I found this passage from the above-linked Daily Kos diary particularly illuminating:
About five minutes after the Supreme Court ruled in Roe v. Wade, the anti-abortion forces began a war on the rights confirmed by that decision. But their molester-enabling, coathanger-selling, health-shattering, woman-hating, forced-pregnancy campaign was two-pronged, a direct assault but also an asymmetrical war, a nibble here, a nibble there.
And at every step of the way, some people who claimed they were pro-choice said that this little nibble or that little nibble wasn’t such a big deal. It only affected a small group of people or it was only the case rarely, we were told. The activists who challenged these nibbles were characterized as “hypersensitive,” “irrational,” and “over-reacting.” Not by their enemies. But by their supposed allies.

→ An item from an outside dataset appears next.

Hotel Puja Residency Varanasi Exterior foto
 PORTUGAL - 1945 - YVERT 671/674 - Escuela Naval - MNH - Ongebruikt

Over the decades, while engaging in a campaign of intimidation, harassment and murder, the anti-abortion movement has managed, nibble by nibble, to get ever-more restrictive legislation into place. Ultimately, the right of affluent women to obtain an abortion hasn’t been much affected – except in the case of late-term procedures. But affluent women always had options even when abortion was illegal in every state. They could fly to Puerto Rico or Japan and get a safe abortion there without having to risk potentially lethal chemicals or abortions at the hands of unlicensed doctors or other providers operating on somebody’s kitchen table in less than sterile conditions.
Thanks to [the Hyde Amendment], low-income women in most states are still at a disadvantage when it comes to getting an abortion. Stupak-Pitts, if it survives the conference process, will not only reinforce this classist attack on women, it will also broaden it.
Being ferociously opposed to it is, therefore, not irrational or hypersensitive or over-reactive. It’s called standing up for progressive values.
Shark-Fu, Ann, and Jill suggest some actions we can take in the posts I linked above; I recommend checking those out.
(On an only tangentially-related note, I know I shouldn’t expect anything more from Dick Armey, but seriously, what the hell?)